Germany was now effectively a military dictatorship. Hindenburg and Ludendorff  had crushed most of the arguments against their all out victory approach. The younger Ludendorff was the more active, almost running the country on a day to day basis. The Kaiser was now no more than a figurehead. Once the Chancellor Bethmann-Hollweg had played his final cynical diplomatic peace card, and the Allies had decisively rejected it, Hindenburg and Ludendorff took over. They moved to save resources on the Western Front by withdrawing to shortened positions – the Hindenburg Line. Once the diplomatic effort had failed, they then quickly decided to launch the threatened unrestricted U-boat warfare. This was an all out gamble to win the war by mid 1917, through strangling the British Empire into submission. Success here and (they argued) the rest of the Allies would fall like dominoes. Hindenburg and Ludendorff were advised by their experts that 3-4 months would prove sufficient to bring Britain to its knees with economic and military ruin, and starvation for the people. In retrospect it is hard to see why they were so confident about this – it was clearly wrong. Perhaps it was simply wishful thinking. A victory in such a short time would not allow the USA time to influence military events on the European continent, even if they entered the war on the Allied side. The German people were suffering the privations of the ‘turnip winter’, with food and fuel shortages taking them to the limits of their resilience. They blamed the ongoing British naval blockade for their suffering, and would gladly see the British people in the same position.
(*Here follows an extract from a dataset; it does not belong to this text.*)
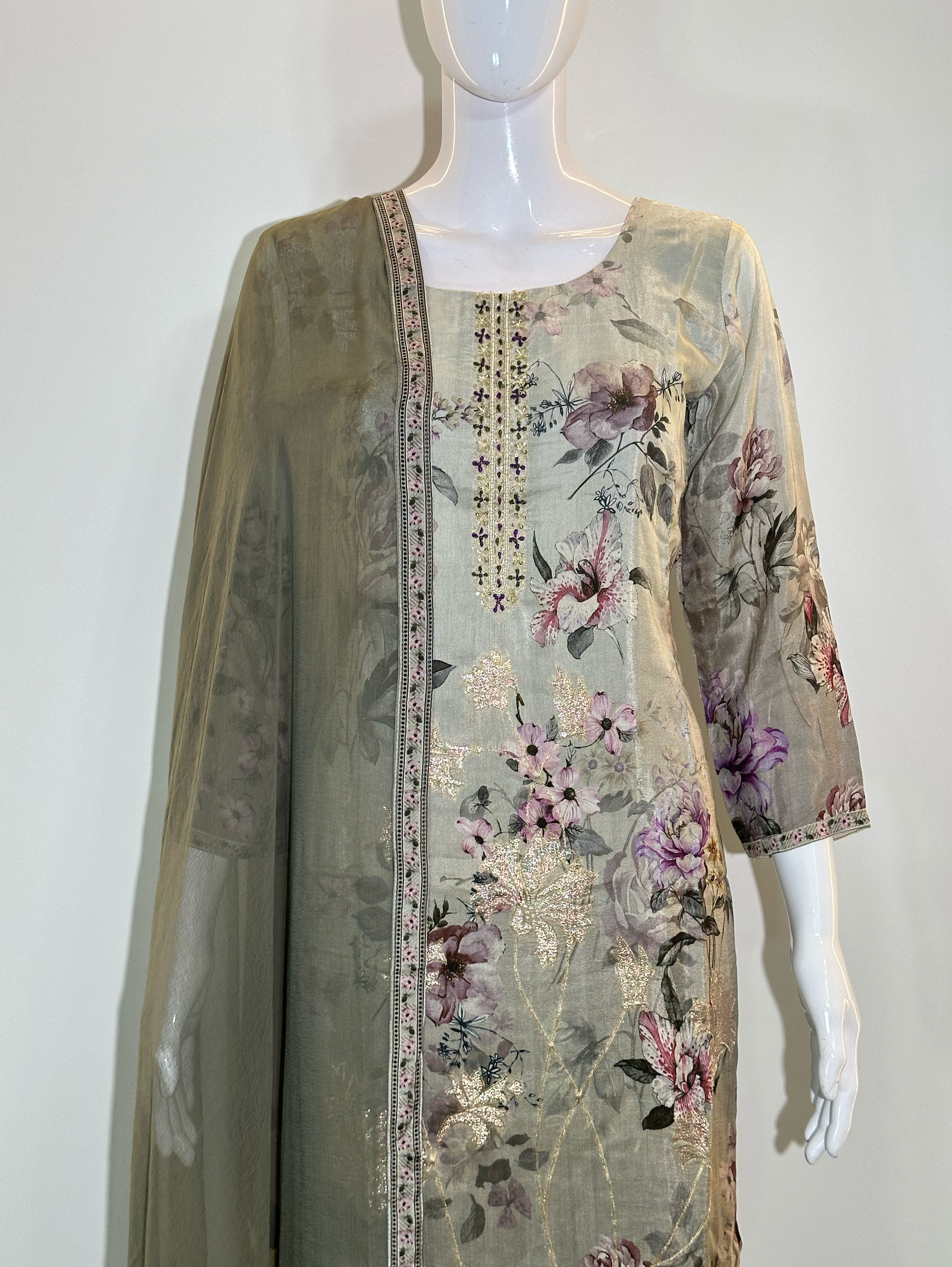 Image of Pure Crepe with work Kurti Set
Meanwhile the allies had plans of their own to make a decisive breakthrough in the west and roll up the German forces. The promotion of Nivelle to replace Joffre as Western Front military supremo somehow convinced the French and British war cabinets that he could succeed in 1917 where Joffre and Haig hd been unsuccessful in 1915 and 1916. Nivelle argued persuasively - based on his recent successes at Verdun with improvements in artillery and infantry tactics – that this time a concerted attack on the large German salient in Artois and Champagne would succeed. This was not radical, but ambitious and fanciful. The British would attack Arras from the north, and the French would resume their attacks from the river Aisne (scene of the 1914 battle – see Post 27/12/14).
Lloyd George as War Minister in 1916, seen here with Haig and Joffre. His relationship
with Haig was difficult. He over-rode Haig's resistance to Joffre's successor Nivelle's plans for 1917
The British Prime Minister David Lloyd George had come to power partially on the promise of a decisive ‘knockout blow’ to bring the war to an end. He was quick to support Nivelle’s ideas, to the extent of undermining his own C-in-C, Douglas Haig, who was much more sceptical about the plans.

The Russian military leadership, still nominally under control of the Tsar, had agreed again to play their part by keeping the Eastern Front busy during the Anglo-French assaults, but their ability to do so was questionable. As we have seen in the previous blog (23/12/16) the storm clouds of revolution were very close. The radical solution of the most extreme revolutionaries was to exit Russia from the ‘imperialist’ war. This, of course, was deeply worrying to the Allies who were propping up Russia by shipping large amounts of material support (much of it American but paid for by Britain and France) to northern Russian ports.


All of this left Woodrow Wilson, President of the world’s most powerful non-combatant nation, in a precarious position. His own attempt to finesse the German peace proposal to an honest broker mediator role for himself in a negotiated peace, had fallen flat with the unanimous and decisive response of the Allies (see Post 19/12/2016). His advisers and intelligence services were warning him of the imminence of unrestricted submarine warfare, and he must have been preparing for the worst. However, it was to take an additional, quirky diplomatic blunder to tip the balance on the USA’s entry to the war, as we shall see in due course.